Sri Lanka’s first presidential election since the civil war against Tamil separatism was declared over in May 2009, was scheduled to take place on 26 January 2010, pitting incumbent President Mahinda Rajapaksa against Sarath Fonseka, the retired general who had led the Sri Lankan army to victory in the war.
Ekneligoda who has frequently taken time off from his journalism to engage in political activism, was known to have participated in Fonseka’s campaign and contributed publicity material for it.
Ekneligoda’s wife Sandya lodged a complaint soon after he went missing with the police station nearest their home. This was also registered with the police station with jurisdiction over the neighbourhood of the Lanka-e-News office. Failing to obtain any manner of assurance from these quarters, Sandya Ekneligoda approached the more specialised investigative agency under the Sri Lankan police, the Colombo Crimes Division (CCD).

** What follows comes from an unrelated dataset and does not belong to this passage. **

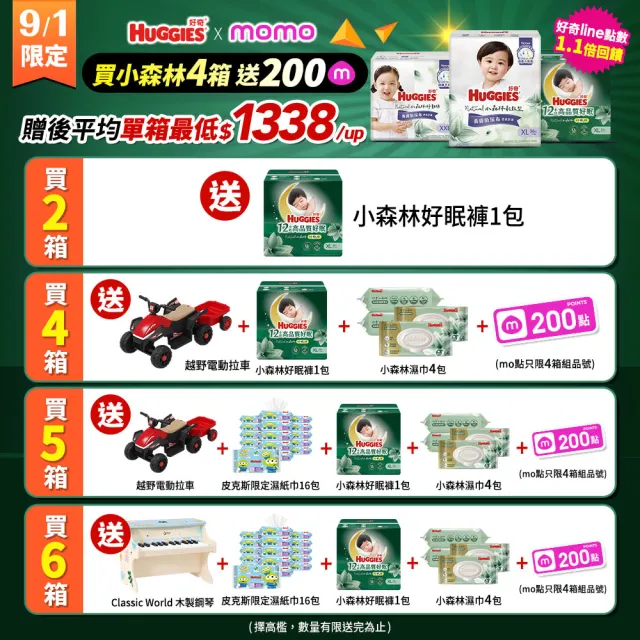【HUGGIES 好奇】小森林尿布 好動褲 M-XXXL/黏貼型 M-XL/好眠褲L-XXL(紙尿褲/尿布/箱)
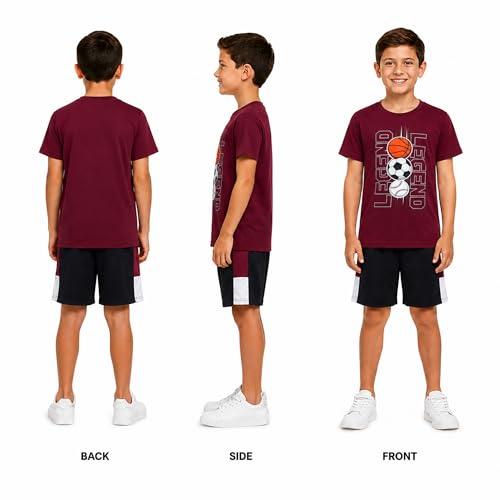 Image of Pro Athlete Active Boys Short Sets - 2 Piece Performance Crewneck Short Sleeve T-Shirt and Shorts Boys Athletic Sets (8-16)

In March 2010, Sandya Ekneligoda filed a habeas corpus petition in the High Court in Colombo. The bench began hearing the petition in May and since then the investigative agencies have repeatedly asked for adjournments to ascertain details of the case.
On the first anniversary of the disappearance, Sandya Ekneligoda handed over a letter at the office of the United Nations in the Sri Lankan capital city. The matter has also been brought to the attention of the U.N. Human Rights Council, through the UN Working Group on Enforced and Involuntary Disappearances.
The IFJ regrets to note that despite interventions at all these levels, there has been not been the slightest clue about the circumstances of Ekneligoda’s disappearance.
“We are also disturbed at a pattern of careless and insensitive interventions in the matter by official spokespersons”, said the IFJ Asia-Pacific.
In an interview with Sri Lanka’s largest English-language newspaper, the Daily Mirror in 2010, Defence Secretary Gotabhaya Rajapaksa, brother of the President, professed himself ignorant about who Ekneligoda is and suggested that he may have “disappeared himself”.
At a review meeting on the U.N. Convention on Torture in November 2011, former Attorney-General Mohan Peiris, officially representing Sri Lanka as a state-party, claimed to have information that Ekneligoda had gone into exile and was living in a foreign country.
On being summoned by the magistrate hearing the matter to explain himself in May 2012, Peiris who has recently been appointed Chief Justice of Sri Lanka’s Supreme Court, admitted that he may have spoken in ignorance.
In 2012, Sri Lanka’s Free Media Movement (FMM) and other associations of journalists decided to observe January as a “black month” to commemorate Prageeth’s disappearance, Lasantha Wickrematunga’s murder and numerous other atrocities against journalism that by coincidence or otherwise, occurred in that month over various years. The first public gatherings held under the campaign were dispersed by stick-wielding toughs mobilised by the ruling party. The FMM and partner organisations also attracted the hostile attention of government spokespersons and were attacked in most extreme terms over the state-owned media.
“We see the same pattern of behaviour recurring today, with campaigners for a free judiciary who have been mobilising after the controversial impeachment of Sri Lanka’s Chief Justice earlier this month, suffering similar intimidation and vilification”, said the IFJ Asia-Pacific.
“These events and the government’s continuing default on redressing the severe abuses against media freedom that occurred during years of internal strife, suggest that the Rajapaksa regime has a long way to go in merely establishing its intent to pursue a course of national reconciliation”.
“We extend our solidarity to the FMM and other partners, including the Sri Lanka Journalists’ Association, the Federation of Media Employees’ Trade Unions, the Sri Lanka Tamil Media Alliance and the Sri Lanka Muslim Media Forum, as they resume their ‘Black January’ campaign on 28 January under the slogan ‘Resist Suppression of the Media – Uphold Rule of Law’”.